The bill authorized the service to complete actions approved in previous years, such as aircraft retirements, and directed execution of Congressionally-approved force structure actions.
Some of these changes were outlined in the Air Force’s Total Force Proposal, developed in coordination with the Air National Guard and Air Force Reserve. Others were congressionally-directed.
“Our Air Force continues efforts to maximize the strength of our Total Force, and we are pleased with the progress that is being made on this front,” said Secretary of the Air Force Michael Donley. “This implementation plan illustrates the Air Force’s continued commitment to transparency as it completes the force structure requirements directed and authorized by the NDAA.”

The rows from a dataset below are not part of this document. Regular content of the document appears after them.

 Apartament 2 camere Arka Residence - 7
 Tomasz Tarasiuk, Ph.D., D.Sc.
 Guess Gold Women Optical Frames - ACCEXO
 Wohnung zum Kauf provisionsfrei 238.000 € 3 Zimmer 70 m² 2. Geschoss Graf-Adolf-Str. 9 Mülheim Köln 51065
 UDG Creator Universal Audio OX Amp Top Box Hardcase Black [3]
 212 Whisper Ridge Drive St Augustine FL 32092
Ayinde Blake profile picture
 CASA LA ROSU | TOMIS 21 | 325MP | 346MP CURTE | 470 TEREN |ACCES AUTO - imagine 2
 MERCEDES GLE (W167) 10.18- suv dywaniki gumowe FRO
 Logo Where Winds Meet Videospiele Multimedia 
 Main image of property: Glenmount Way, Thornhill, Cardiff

The NDAA directs a reduction of 65 aircraft and approximately 1,400 military billets from the Air National Guard, 57 aircraft from the Air Force Reserve, and 122 aircraft and approximately 6,100 military billets from the active-duty Air Force.
“Working together we can combine the personnel, equipment and readiness necessary to build a total Air Force equal to all the challenges our nation faces,” said Lt. Gen. Stanley (Sid) E. Clarke III, director of the Air National Guard.

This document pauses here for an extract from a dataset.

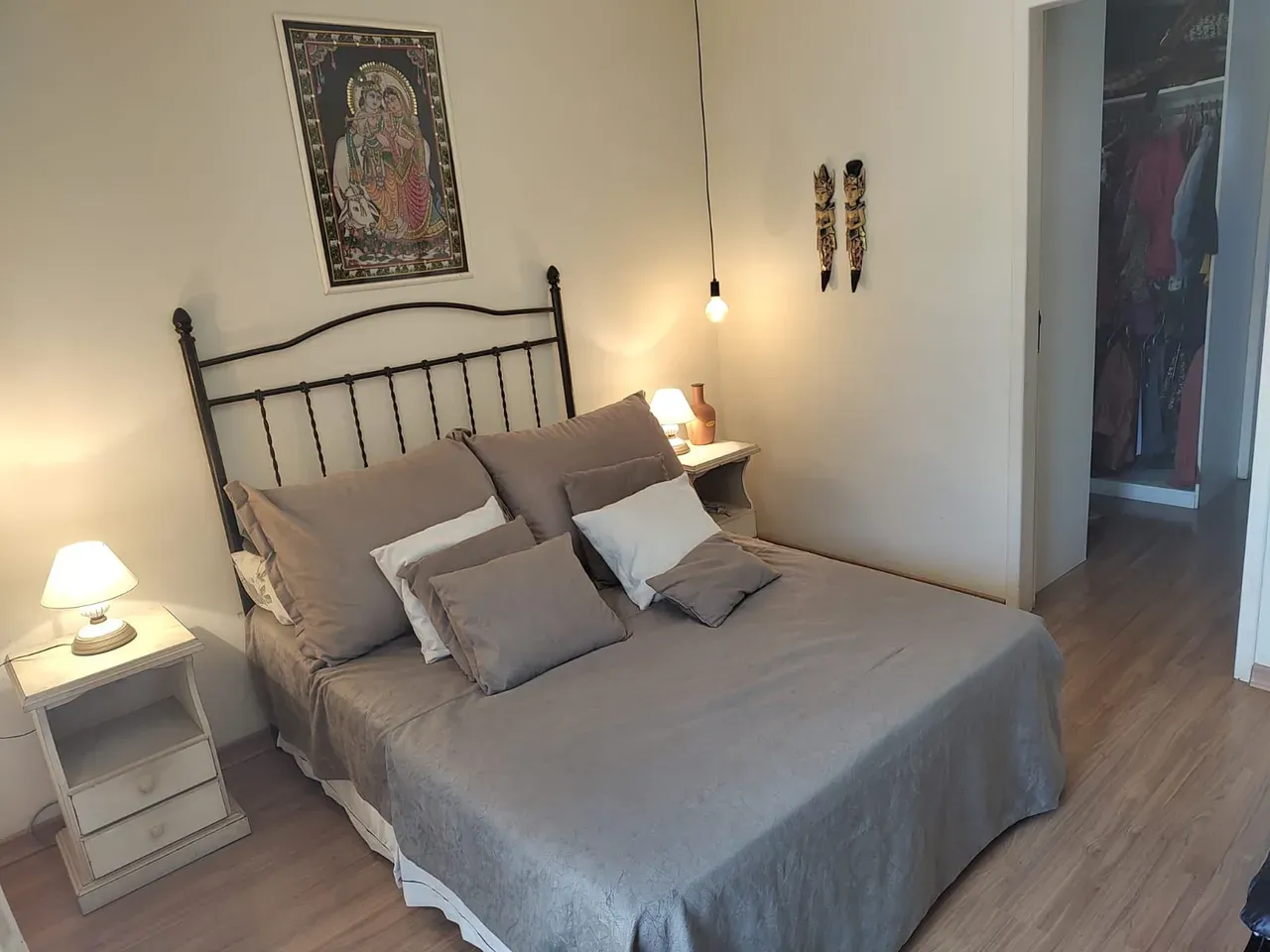 Unfurnished 188 m² house with 4 bedrooms and 4 bathrooms — photo 21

The Air Force’s implementation plan includes a state-by-state description of changes for each base and the associated timeline. Each major command developed activation, reassignment, re-missioning or divesture options.
“We’ve developed guiding principles to ensure that as we make decisions, we continue to have a strong foundation for what is best for our Air Force,” said Lt. Gen. James F. Jackson, chief, Air Force Reserve and commander, Air Force Reserve Command. “We must leverage regular and reserve component strengths and align our decisions with a commitment as one total force team.”
Key principles include: ensure personnel readiness, training and retention for transitioning units to remain at the highest level practicable and minimize mission gaps for units transitioning to new or different missions. Each of the components embraces these principles.
The Air Force will apply this collaborative approach to facilitate open communication with key stakeholders on future total force efforts. Recently, the Secretary and Chief of Staff of the Air Force created a Total Force Task Force.
TF2 will create an enduring strategic process to determine how to correctly balance the strengths of each component to sustain capabilities required to defend our nation now and into the future.
“Our active, Reserve and Guard components are increasingly integrated –training, deploying and conducting a full range of missions together as one Air Force,” said Donley, “and we’re committed to ensuring that our active and reserve component mix correctly balances the strengths of each component, meeting our strategic requirements and our fiscal demands as well. The FY13 implementation plan gets us on a path toward that end.”